Plans that include data transfer of more than 1 TB (1000GB, or 1,000,000 MB) are usually fairly inexpensive. The shared hosting service at Dreamhost costs about US$11 a month and offers:
- 500GB of Storage (enough for about 2000 500MB shows to be stored)
- 5TB of monthly traffic (enough to deliver over 10,000 shows to customers at less than 1c per show).
This is a good deal. Obviously Dreamhost do not expect every customer to use all their bandwidth, but the offer is there.
1and1.com also offer attractive hosting. For US$5 a month they offer:
- 250GB of Storage (enough for about 500 500MB shows to be stored)

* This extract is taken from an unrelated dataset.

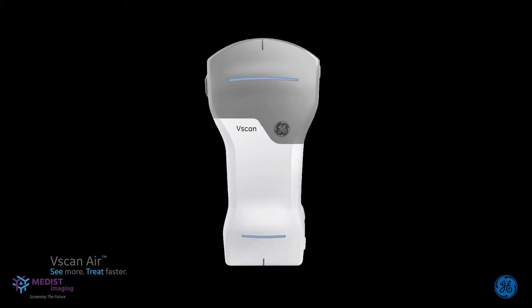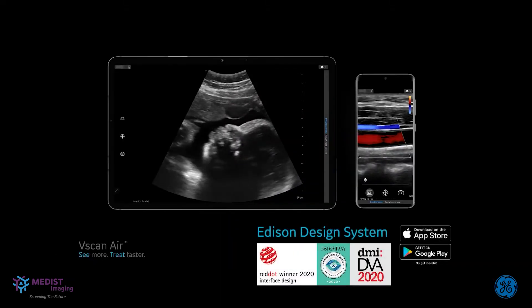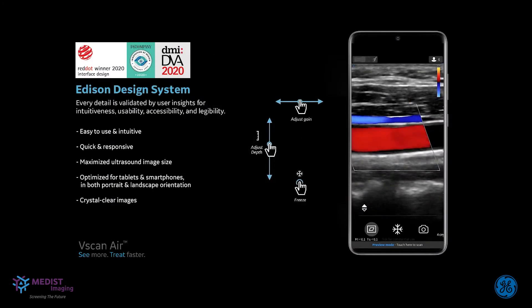Additional workflow-simplifying features on the probe include a physical button that can be personalized to your scanning needs, such as freeze or store, which can be beneficial during procedures. The vScan Air's easy-to-use and intuitive design is not just limited to the probe — it extends to the mobile application as well. GE Healthcare's award-winning Edison design system brings a user-centric and intuitive interface suitable for both smartphones and tablets. The vScan Air app is designed to be predominantly used single-handedly, with features such as the ability to adjust depth and gain with a simple swipe of your thumb.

- 2.5TB of monthly traffic (enough to deliver over 5,000 shows to customers at less than 1c per show).
If you are highly successful and need to turn to a Content Delivery Network (CDN) like Limelight Networks or Akami, you can expect to be offered an initial deal at around 80c/GB, dropping to "best" deals for those with huge data transfer requirements, of 30-40c/GB for when you get to YouTube-like data transfers. CDNs have virtually no delivery limit and are very important for high bandwidth delivery.

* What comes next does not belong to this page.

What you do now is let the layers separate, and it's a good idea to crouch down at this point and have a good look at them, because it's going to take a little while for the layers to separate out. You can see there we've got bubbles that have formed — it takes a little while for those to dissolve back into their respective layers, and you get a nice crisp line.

As you can tell, there is a gap between the price paid for bandwidth as part of a hosting deal and large-scale CDN distribution. Dedicated servers have transfer allowances of between 750GB and 3TB a month, for between US$70 and $340 a month. Some will allow unlimited transfers for a monthly fee.
Media Temple, among others, have Dedicated Virtual servers that provide 20-60GB of storage (40-120 500MB shows) and 1-2TB a month of transfer "from" US$50 a month (20GB storage and 1TB transfer). 1TB of transfer covers 2000 show downloads for 5c/GB or 2.5c/Program. With 60GB of storage and 2TB transfers a month the cost is US$150 month or room to store 120 shows and deliver 4000 show downloads for 7.5c/GB or 3.75c/Program.

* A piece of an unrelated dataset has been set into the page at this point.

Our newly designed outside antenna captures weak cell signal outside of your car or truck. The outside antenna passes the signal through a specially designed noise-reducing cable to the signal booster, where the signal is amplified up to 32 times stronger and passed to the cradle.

Another solution, that requires programming expertise, is to use Amazon's S3 service, where storage is charged at $0.15/GB per month, and data served out is at $0.18/GB for the first 10TB a month. So to store our 20 500MB shows would cost 20 x 500 x 0.15 = $15.00 and to serve up 5500 shows to customers would be $459 per month, or 9c/show sale. Amazon's information site has the details and code samples.
Pipe
The final parameter that you need to take into account with your web hosting of show files is the size of the "pipe" - the speed of the Internet connection to your server. If we were to use a water analogy: the Internet connection is the equivalent of the pipe and the Data Transfer is the amount of water per month that could get through the pipe. For example, if the connection was 1Mb/sec, it means that only 1Mbit/sec (125KBytes/sec) can be transferred to the Internet at a time.
A 1Mbit/sec connection can deliver a total of 324GB over a month. With a 1Mbit/sec connection to the Internet "unlimited" bandwidth multi-Terabyte Transfers are pretty pointless, as the maximum over the month is 324GB.
Even if you wanted to deliver less bandwidth over the month, the slow connection would make downloads slow for all users. Fortunately this is not streaming so the worst-case-scenario is that downloads are just very slow.
These days the standard connection seems to be 100Mbit/sec to the (usually shared) rack or server. 100Mbit/sec is enough for all but the most successful content owners (who would be considering CDN or Amazon S3 solutions anyway).
You will probably have to specifically ask the service provider what their connection speed is.